Cidades

"Estamos buscando uma situação melhor", diz venezuelano sobre Brasília

Três famílias recém-chegadas à capital revelam ansiedade para conseguir emprego e escola para os filhos depois de deixarem a Venezuela. Na bagagem, histórias de fome e saudade

Luiz Calcagno
postado em 26/07/2018 06:00
Gimelsón José Corsega, com a mulher, Rosimar, e os filhos, de 3 e 15 anos:

Distantes mais de 5,2 mil quilômetros de casa, os venezuelanos que chegaram na terça-feira a Brasília fugidos da crise econômica e política e da fome, resultado do regime de Nicolás Maduro, estão, agora, em busca de emprego e de escola para os filhos. Eles vieram para a capital por meio do programa do governo federal de interiorização dos imigrantes fugidos do país caribenho. Pela primeira vez desde que entraram no Brasil, dormem entre quatro paredes, em vez de uma barraca, e cozinham a própria comida.

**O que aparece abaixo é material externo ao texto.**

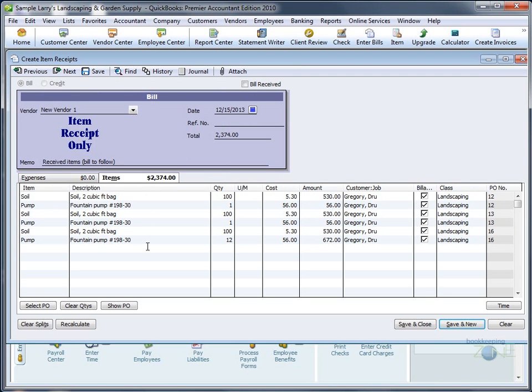You can now make the items billable to the client so that you will be able to bill the customer for the same items, make changes, and if everything is the way you want it to be, save and close.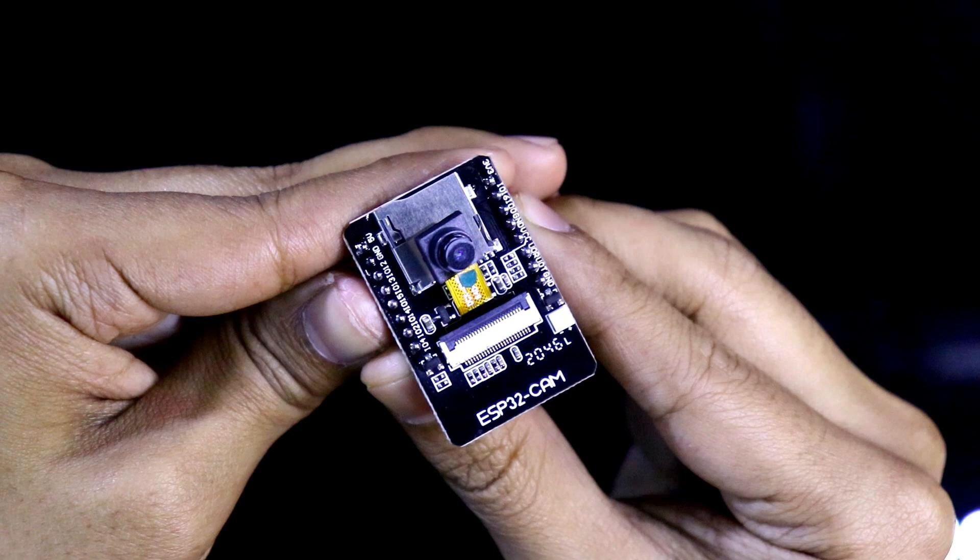In the next video, I will show you how to work with this ESP32 camera module. Thanks for watching.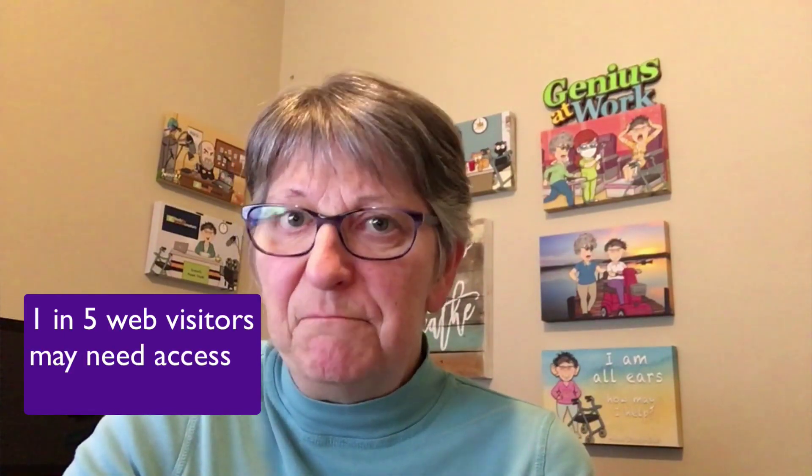Did you know that a potential one in five people who visit your website need or could certainly benefit from some sort of accessibility accommodation?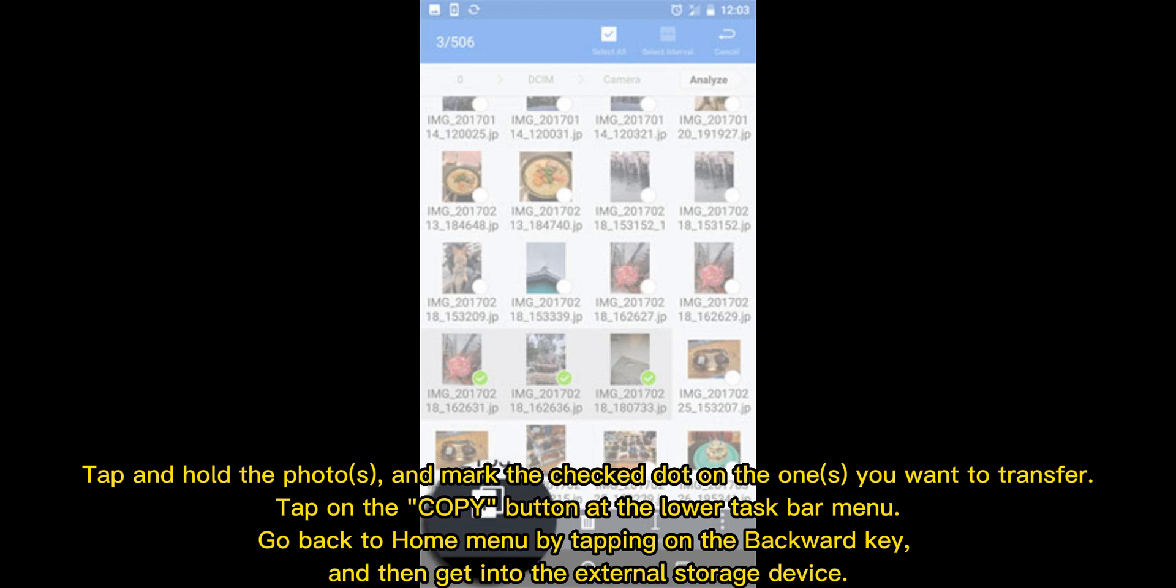Tap and hold the photos and mark the check dot on the ones you want to transfer. Tap on the copy button at the lower taskbar menu, go back to home menu by tapping on the backward key, and then get into the external storage device.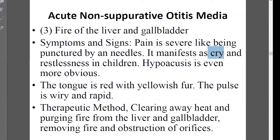For the liver and gallbladder internal heat pattern, other symptoms include emotional disturbance, irritability, headache, dizziness, red eyes, red face, and dark yellow urine. The tongue changes to red with a yellow coating. The pulse is wiry and rapid, particularly reflecting the liver and gallbladder channel, and can also be forceful.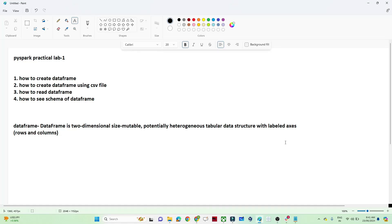Hello everyone, we are going to start the practical part for PySpark. In this particular video we are going to see how we can create a DataFrame, how we can create a DataFrame using a CSV file, how we can read a DataFrame, and how we can see the schema of a particular DataFrame.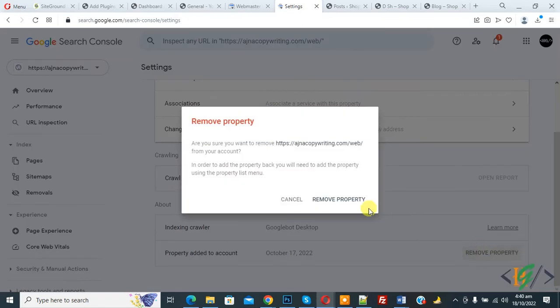So click on it, and then, are you sure you want to remove? Then click on Remove Property.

No total, 50 pessoas dividem residências na organização Aldeias Infantis SOS, na Asa Norte. São casas pequenas, de tijolo vermelho, com três quartos e dois banheiros, cozinha, despensa e área de serviço. Uma das construções é um sobrado, um pouco mais espaçoso e iluminado que os demais. A convivência próxima ressalta diferenças e é preciso definir, por exemplo, os dias de uso da máquina de lavar para garantir que todos tenham roupas limpas. As normas ajudam na divisão dos bens.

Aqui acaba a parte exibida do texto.